Consider seeking feedback from a career counselor or a trusted colleague who has experience in your field.
They can provide valuable feedback on everything from the formatting of your resume to the tone of your cover letter.
They can also help you identify areas where you may need to add more detail or clarify your experience.
By following these tips, you can ensure that your resume and cover letter are strong, effective, and tailored to each job application.
Step 4: Apply for Jobs and Attend Interviews
Now that you’ve narrowed down your job search and updated your application materials, it’s time to start applying for jobs and preparing for interviews.
This can be an exciting and nerve-wracking time, but with the right preparation, you can increase your chances of landing your dream job.
Utilizing Online Job Boards
One of the best ways to discover new job postings is to use online job boards.
Websites like Indeed, Monster, and Glassdoor offer a wealth of opportunities for job seekers.
You can search by job title, location, and company to find positions that match your skills and experience.
Once you’ve found a job that interests you, be sure to read the job description carefully and tailor your application materials to the specific requirements of the position.
When applying for jobs online, it’s important to make sure your resume and cover letter are up-to-date and well-written.
Your resume should highlight your relevant skills and experience, while your cover letter should explain why you’re interested in the position and why you’re the best candidate for the job.
Be sure to proofread your application materials carefully before submitting them.
Acing the Interview Process
Once you’ve submitted your application, it’s time to start preparing for interviews.
Research the company and learn as much as you can about their mission, values, and culture.
This will help you answer interview questions more effectively and demonstrate your interest in the company.
Practice common interview questions with a friend or family member to help you feel more comfortable during the interview.
Dress appropriately and arrive on time to make a good first impression.
During the interview, be sure to listen carefully to the interviewer’s questions and answer honestly and confidently.

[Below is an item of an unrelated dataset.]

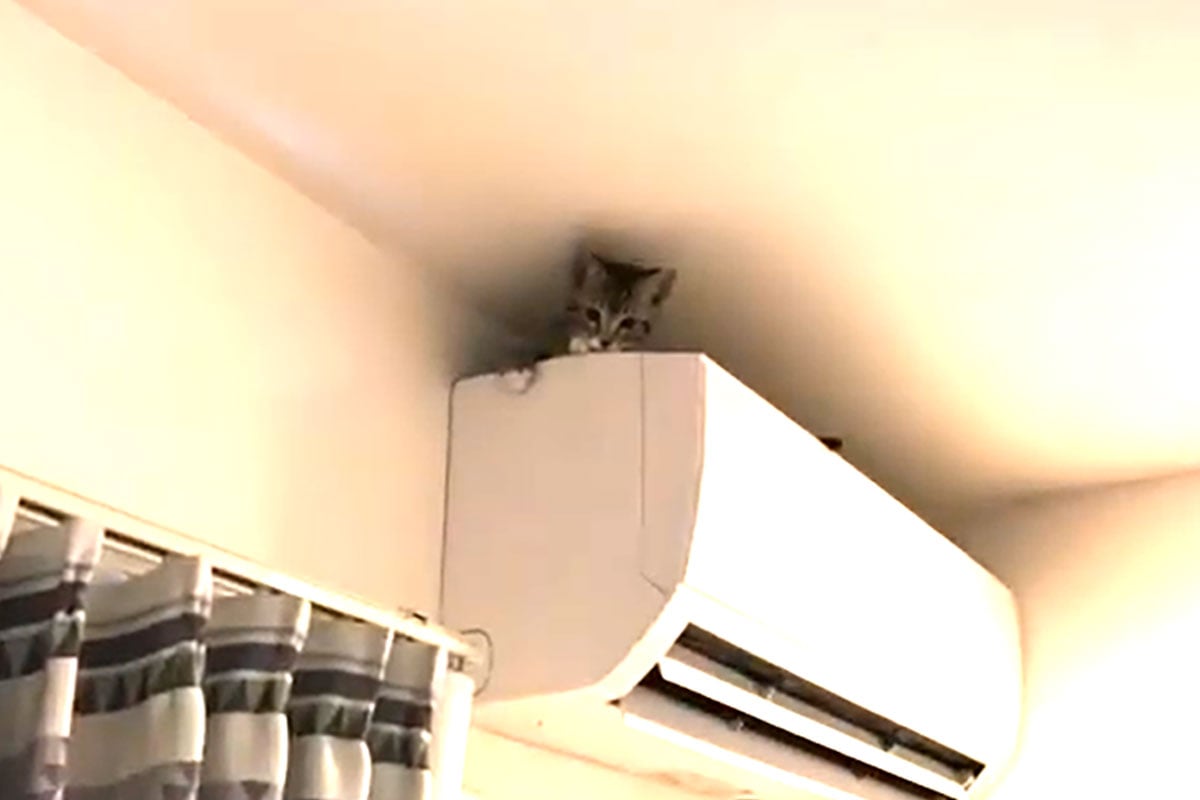 エアコンの上から降りられなくなってしまった子猫…とても不安そう！どうやって救出する？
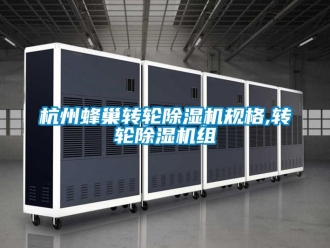 常見問題杭州蜂巢轉輪除濕機規(guī)格,轉輪除濕機組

Following Up with Potential Employers
After the interview, it’s important to follow up with the employer to express your interest in the position and thank them for their time.
Send a brief email or handwritten note thanking the interviewer for the opportunity to interview and reiterating your interest in the position.
This will help you stand out from other candidates and demonstrate your professionalism and enthusiasm.
Remember, the job search process can be a long and challenging journey, but with persistence and preparation, you can find the right job for you.